On 12 December, two years after the adoption of the landmark Paris Agreement, participants gathered in France to discuss new actions on climate change at the One Planet Summit. The main goals of the event, which was hosted by the Centre nationale d’études spatiales (CNES), the French space agency, were to identify and implement tangible solutions to combat climate change and to mobilise public and private funding to enable large-scale deployment – including in the most vulnerable countries. On the occasion of this gathering, leaders of space agencies around the world have proposed setting up a Space Climate Observatory (SCO) that will boost collaborative work by improving long-term sustainability and accessibility of climate data from space satellites and making it available to scientists around the world.

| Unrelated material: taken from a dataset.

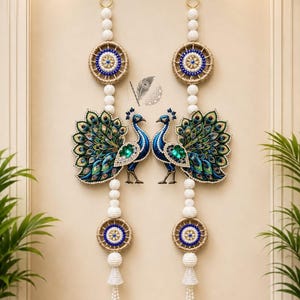 Op de afbeelding: Een paar verticale wandhangers met twee blauwe pauwen met uitgespreide staarten, geaccentueerd door groene en blauwe juwelen. Elk stuk bevat witte kralenstrengen, cirkelvormige geweven frames en witte kwastjes aan de onderkant.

Salience of space-based data for climate change
Natural disasters , such as the series of hurricanes in the Caribbean in 2017, emphasize the key role that satellites and space-based data play in climate monitoring. Their importance can be somewhat quantified for example by the number of people successfully evacuated as a result of early warning provided by satellites that detect abnormalities in ocean temperatures. Furthermore, through the activation of satellites by the International Charter on Space and Major Disasters, emergency responders can be guided more efficiently to disaster-hit areas.
In order to better understand the climate it is necessary to properly measure essential climate variables (ECVs), more than half of which can only be measured from space.This all goes to show how satellites have a unique role in observing and understanding the climate and in studying and forecasting climate perturbations.
Agreement signatories
Through the creation of a Space Climate Observatory (SCO), signatory space agencies aim to address some major challenges that the space community is facing in their work of raising global awareness about climate change issues. The primary challenge the initiative seeks to address is the availability of sustained long time-series high quality data that can be more easily understood by the wider community .
The agreement has been backed up by a number of space agencies including by those of France, UK, Germany, Japan, China, Italy, Switzerland, Austria, Sweden, Norway, Romania, Israel, Ukraine and the United Arab Emirates. Since most countries do not currently share the climate data gathered by satellites, this agreement seeks to incentivize countries to promote free and open data policies as well as satellite data products that can be used by scientists, businesses, and governments around the world.
Existing commitments
The importance of climate change has led space agencies to meet on several other key occasions to underline their commitment to the Paris Agreement. In 2015, the Mexico Declaration on climate and natural disasters recognizes the contribution brought by satellite observations to climate change studies and disaster management support. In 2016, space agencies showed their support for the Paris Agreement through the New Delhi Declaration, which emphasizes their commitment to coordinate space assets to measure greenhouse gases, and through the Marrakesh Declaration discussed at COP22, which focuses on water resource management.
UNISPACE+50 and the Space2030 agenda
The Paris Declaration notes that the SCO could constitute a strategic contribution to the Space2030 Agenda, which will mark the culmination of the the UNISPACE+50 processes and could also provide better opportunities to address the 17 Sustainable Development Goals (SDGs). By fostering worldwide cooperation towards “low-emission and resilient societies”, the SCO is also echoing objectives set out under thematic priority 6 of the UNISPACE+50 process, which were recently discussed at the UN/Germany International Conference on International Cooperation Towards Low-Emission and Resilient Societies and subsequently captured in the Bonn Declaration.